## 1. MLE (35 points)

You have the following data:
$$\text{data:} {(t_i,x_i):i=1,\dots,N}$$
where $t_i$ measures the duration of an unemployment spell, and $x_i$ is a $K \times 1$ vector of observable characteristics. You plot the empirical CDF of the data and believe that the durations follow an exponential distribution. You assume that the density of durations is given by:
$$f(t\vert x,\beta)=\lambda (x;\beta)e^{-\lambda(x;\beta)t}$$
where $\ln \lambda(x;\beta)=x'\beta$, where $\beta$ is $K \times 1$ vector of parameters.

1. (10 points)Write down the log likelihood, and its first order conditions to find expressions for $\beta$'s

2. (5 points) Assume that:
$$x_i \sim N(0,1)$$

$$
\beta = 
\left(\begin{array}{cc} 
1\\ 
4 
\end{array}\right)
$$ 
Write a Julia program that creates a simulated data set with the information above for N=100 individuals.

HINT: to create $t_i$, please use the following formula

In [None]:
t = -log.(rand(Uniform(0,1),N))./lambda;

3. (10 points) Using the optimizers, find MLE estimates.

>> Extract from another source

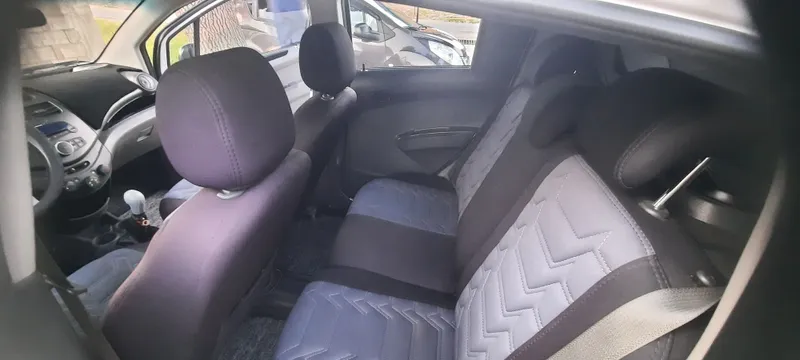 Продаётся автомобиль Chevrolet Spark — фото 5 Продаётся автомобиль Chevrolet Spark — фото 5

Verify that they are close to the true value for $\beta$.

4. (10 points) Empirically show consistency and asymptotic normality of beta parameter.

Note: this may take time, so solve other parts first to save some time. 

## 2. GMM (35 points)

Consider the model
$$
\begin{align*}
y_i & = x'_i\beta+\epsilon_i \\
E(z_i\epsilon_i)&=0\\
R'\beta&=0
\end{align*}
$$
with $y_i$ scalar, $x_i$ a $k$ vector and $z_i$ an $l$ vector with $l>k$. The matrix $R$ is $k\times q$ with $1\leq q<k$. You have a random sample ($y_i,x_i,z_i:i=1,\dots,n$).

Assume the efficient weighting matrix $W=\Omega^{-1}=\big(E(z_iz'_i\epsilon_i^2)\big)^{-1}$.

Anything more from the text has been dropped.